Work request
Every line from the top of the records below through the one containing "Medical laser machine" must be copied exactly, and the pictures must not be.

··· Excerpted data ···

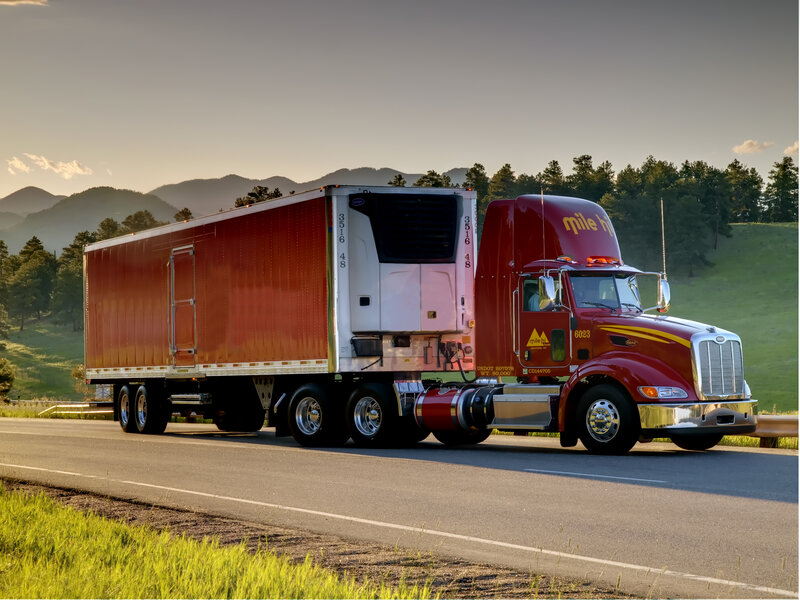 Red Semi-truck on Road — Serene, Sunset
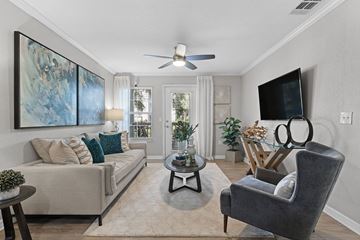Tampa apartment for rent - A living room with a grey couch, a black chair, a coffee table, and a painting on the wall.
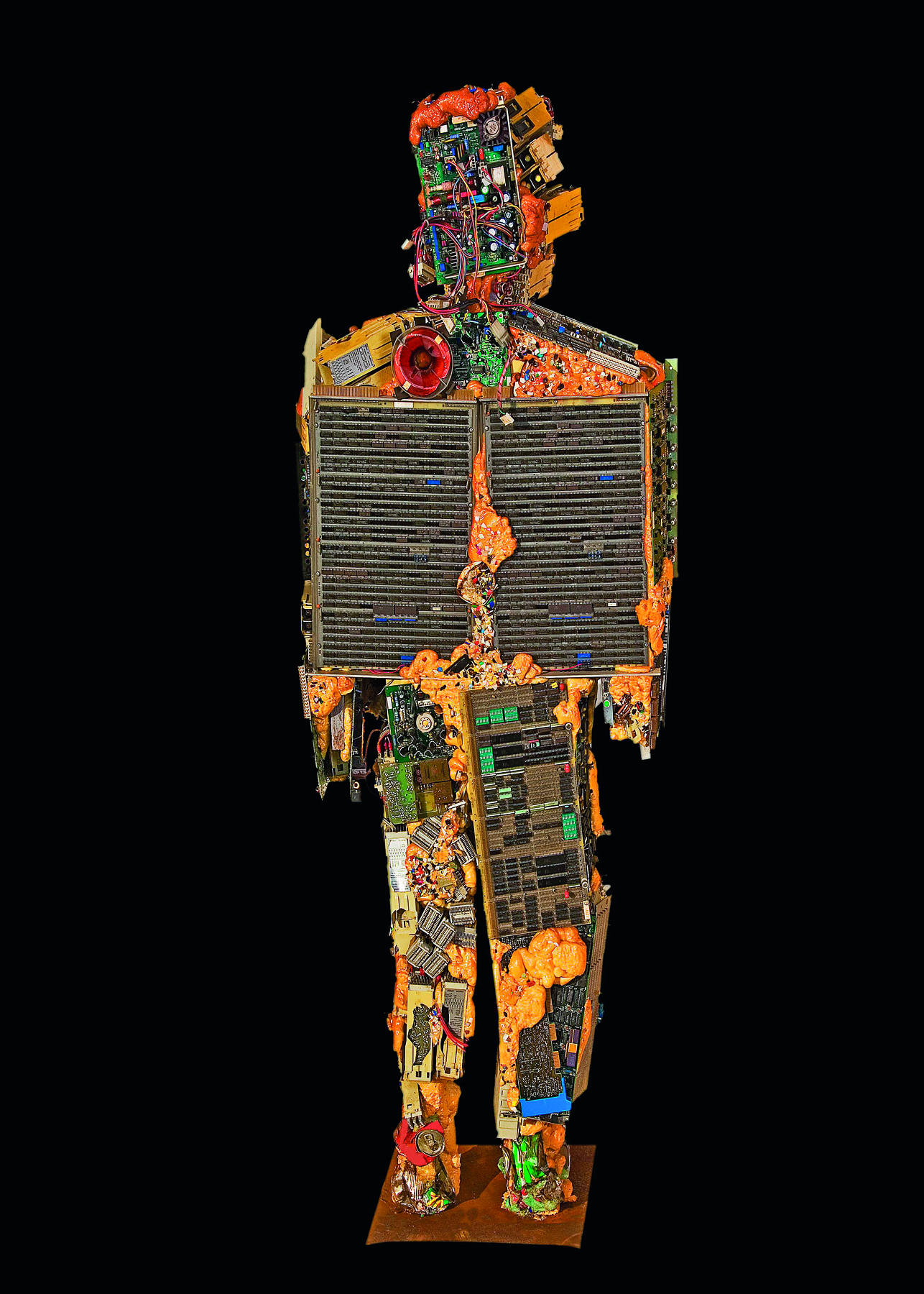 Fotografia. Escultura feita com lixo cujo formato lembra uma pessoa. Há diversos tipos de objetos, entre eles, restos de placas de computador e transistores.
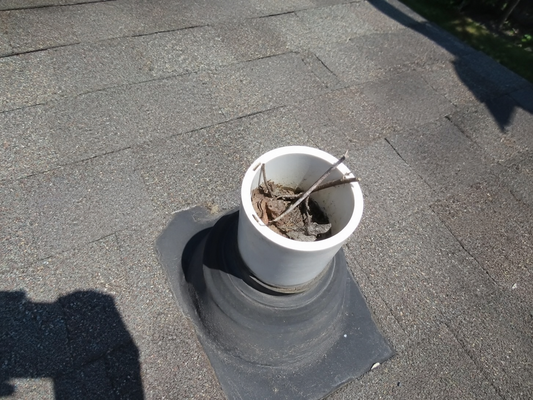 What Happens When a Roof Plumbing Vent Gets Blocked? Why That Open PVC Pipe Matters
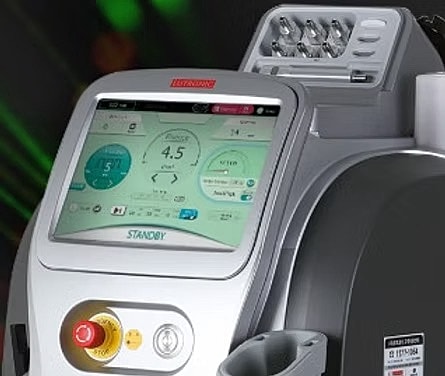 Medical laser machine with touchscreen interface.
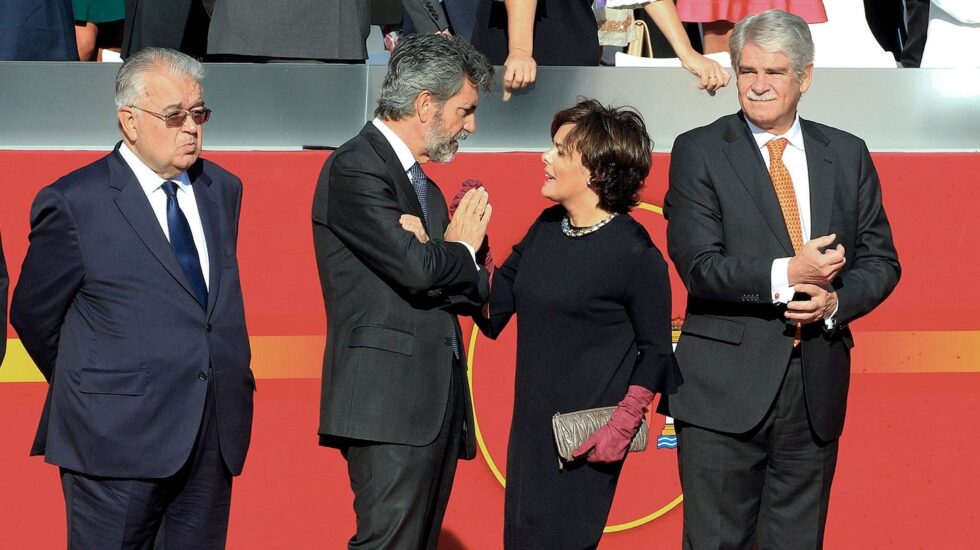 La vicepresidenta del Gobierno, Soraya Sáenz de Santamaría (2d), conversa con el presidente del Tribunal Supremo (TS) y del Consejo General del Poder Judicial (CGPJ), Carlos Lesmes (2i), en presencia del presidente del Tribunal Constitucional, Juan José González Rivas (i), y el ministro de Asuntos Exteriores, Alfonso Dastis (d), durante el desfile del Día de la Fiesta Nacional.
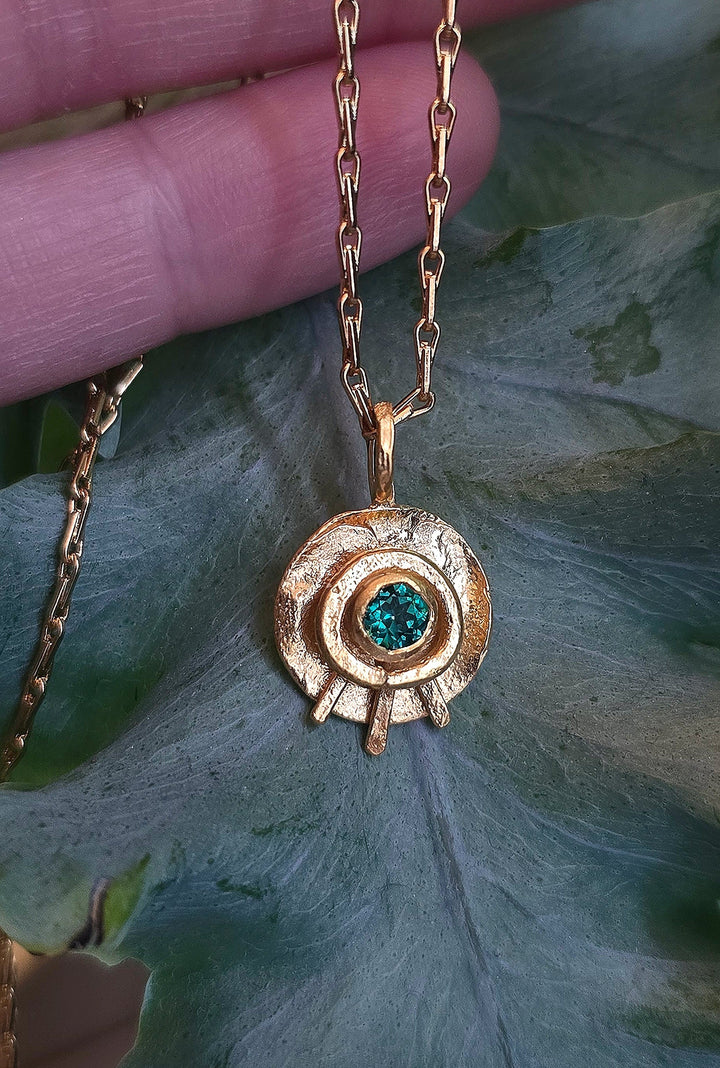 The Caroline Stokesberry-lee Celestial Eye Pendant Gold in Emerald showcases a textured gold-plated sterling silver circle with an emerald centerpiece, displayed against a large green leaf and partially held by a hand at the top.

···

Reply
 Red Semi-truck on Road — Serene, Sunset
Tampa apartment for rent - A living room with a grey couch, a black chair, a coffee table, and a painting on the wall.
 Fotografia. Escultura feita com lixo cujo formato lembra uma pessoa. Há diversos tipos de objetos, entre eles, restos de placas de computador e transistores.
 What Happens When a Roof Plumbing Vent Gets Blocked? Why That Open PVC Pipe Matters
 Medical laser machine with touchscreen interface.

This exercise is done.